Find the hidden lesson. FIND IT!!
Be POSITIVE.
Be GRATEFUL.

 

When the mood strikes…

I woke up one day this week and I was in a bad mood. And while I knew there were things I could do to pull myself out of this mood, I just… didn’t want to do it. When I scraped my hip on the corner of the kitchen table and bent over, winded, convinced I had been sliced clean in half, I didn’t want to breathe deeply and count to ten, dammit. I wanted to let out a yell that sounded like a mix between a hyena orgy and two monster trucks colliding into each other.

There was something just so good about letting the emotion course through my body. It felt good to stomp my feet around the house like an overconfident toddler hyped-up on red cordial. It felt fantastic to yell “shut the fuck up!” to the birds going apeshit outside my window.

I gave myself full permission to feel it. This voice in my head said; okay, you psycho. You do what you gotta do. As long as you’re not taking it out on innocent people or making any rash, permanent decisions (such as getting a forehead tattoo proclaiming I HATE EVERYTHING) go for it.

 

Why do we run away from feeling bad?

According to an excellent article in psychology today, humans are prone to avoiding bad feelings because, well, they feel bad (in other breaking news, the sky is blue). We have associated negative feelings with being a negative thing, so would much rather distract ourselves or act like it’s not happening.

“There are several reasons why emotional avoidance is harmful,” says Dr.
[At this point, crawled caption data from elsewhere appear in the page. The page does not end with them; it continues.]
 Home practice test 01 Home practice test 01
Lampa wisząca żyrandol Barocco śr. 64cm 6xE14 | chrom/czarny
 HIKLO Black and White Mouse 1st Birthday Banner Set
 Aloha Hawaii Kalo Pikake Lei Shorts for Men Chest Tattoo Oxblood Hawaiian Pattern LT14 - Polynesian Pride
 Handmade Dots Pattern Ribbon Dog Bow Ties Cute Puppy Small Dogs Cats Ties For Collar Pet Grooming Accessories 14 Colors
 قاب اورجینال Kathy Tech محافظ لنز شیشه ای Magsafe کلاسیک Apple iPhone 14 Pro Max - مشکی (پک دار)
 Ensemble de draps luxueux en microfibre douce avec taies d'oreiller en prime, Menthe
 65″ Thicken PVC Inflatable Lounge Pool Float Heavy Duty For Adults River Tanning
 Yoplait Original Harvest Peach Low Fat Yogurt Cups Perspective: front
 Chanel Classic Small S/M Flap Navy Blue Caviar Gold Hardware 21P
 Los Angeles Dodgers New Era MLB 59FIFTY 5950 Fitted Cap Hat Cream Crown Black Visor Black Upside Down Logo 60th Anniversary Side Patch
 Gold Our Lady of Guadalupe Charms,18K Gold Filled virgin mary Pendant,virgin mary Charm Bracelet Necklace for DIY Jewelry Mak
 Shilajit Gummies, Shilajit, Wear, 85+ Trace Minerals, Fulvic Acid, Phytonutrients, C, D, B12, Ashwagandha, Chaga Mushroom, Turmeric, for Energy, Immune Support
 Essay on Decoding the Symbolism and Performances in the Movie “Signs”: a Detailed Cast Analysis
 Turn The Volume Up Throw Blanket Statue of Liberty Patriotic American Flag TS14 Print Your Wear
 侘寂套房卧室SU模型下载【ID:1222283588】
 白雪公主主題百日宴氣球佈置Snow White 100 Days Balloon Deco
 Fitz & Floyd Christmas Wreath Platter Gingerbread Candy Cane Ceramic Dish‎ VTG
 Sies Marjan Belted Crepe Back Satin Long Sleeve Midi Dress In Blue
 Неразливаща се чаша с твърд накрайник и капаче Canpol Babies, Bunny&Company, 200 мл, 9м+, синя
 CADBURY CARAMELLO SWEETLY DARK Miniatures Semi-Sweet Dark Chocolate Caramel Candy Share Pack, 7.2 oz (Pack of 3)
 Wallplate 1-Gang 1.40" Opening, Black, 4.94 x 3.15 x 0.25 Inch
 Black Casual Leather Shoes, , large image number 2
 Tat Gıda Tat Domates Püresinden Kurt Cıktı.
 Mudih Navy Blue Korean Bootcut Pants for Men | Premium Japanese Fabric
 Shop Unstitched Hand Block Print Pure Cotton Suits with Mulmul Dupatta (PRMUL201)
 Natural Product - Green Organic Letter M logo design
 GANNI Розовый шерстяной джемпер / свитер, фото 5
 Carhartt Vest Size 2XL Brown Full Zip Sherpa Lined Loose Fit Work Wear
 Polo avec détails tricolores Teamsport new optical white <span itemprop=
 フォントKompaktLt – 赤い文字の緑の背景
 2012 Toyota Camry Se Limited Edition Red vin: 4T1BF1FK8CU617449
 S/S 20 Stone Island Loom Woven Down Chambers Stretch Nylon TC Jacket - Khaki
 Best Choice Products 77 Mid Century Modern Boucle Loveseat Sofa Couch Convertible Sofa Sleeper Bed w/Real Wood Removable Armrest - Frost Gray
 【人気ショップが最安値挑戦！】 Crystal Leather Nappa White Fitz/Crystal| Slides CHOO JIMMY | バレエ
Noam Shpancer.

“First, important goals and pursuits in your life may inherently involve going through some challenging times and situations, and an unwillingness to ‘pay the toll’ for the trip may narrow your life horizons needlessly.”

“Over time, avoidance becomes a prison, because after a while you begin to feel the need to avoid many situations, people, experiences and places that may bring the negative emotion to mind, stir it, or remind you of it. And the more you avoid, the weaker you feel, the more your coping skills diminish, and the less of life you can experience.”

Glennon Doyle Melton

Human for a reason

Currently I am very slowly learning Spanish in El Salvador. Given it is a tropical climate, it is usually very hot. The word for hot, like a hot coffee, is caliente. So I thought saying “Estoy caliente hoy” -I am hot today- was the right thing to say to everyone in the town, every day. A few months later I found out, in fact, the right thing to say is “Tengo calor” -I’ve got heat- as when the word “caliente” is applied to a person, it means horny. So essentially I had been walking around telling the whole town “I am horny” (perhaps that is why I made many friends, very quickly.) But if I wanted to avoid further shame like that, I would have to avoid practicing my Spanish, which in turn would cut of many conversations and wonderful experiences with Spanish speaking people.

Shame, agitation, anger, sadness, melancholy, nostalgia, embarrassment.

We are human for a reason.
We were given this capacity of emotions, to feel them.

Next time you try outrun a bad mood because you’re thinking: it shouldn’t be like this, consider this:

Maybe it is exactly how it should be. Perhaps your agitation is asking you to feel it. Maybe living a big life calls for these emotions to be felt, and often.

 

And so…

I do think yoga and meditation are useful tools to really step outside the situation, look inside, and realize in the scheme of things, what is making you angry is not even a flea on the whole dogs butt of life. Positive thinking is fab for turning a situation on its head and stimulating radical gratitude.

And.

Sometimes you just need to let yourself feel like shit.

And usually you’ll find once you just go through whatever feeling you need to go through, it passes sooner than expected.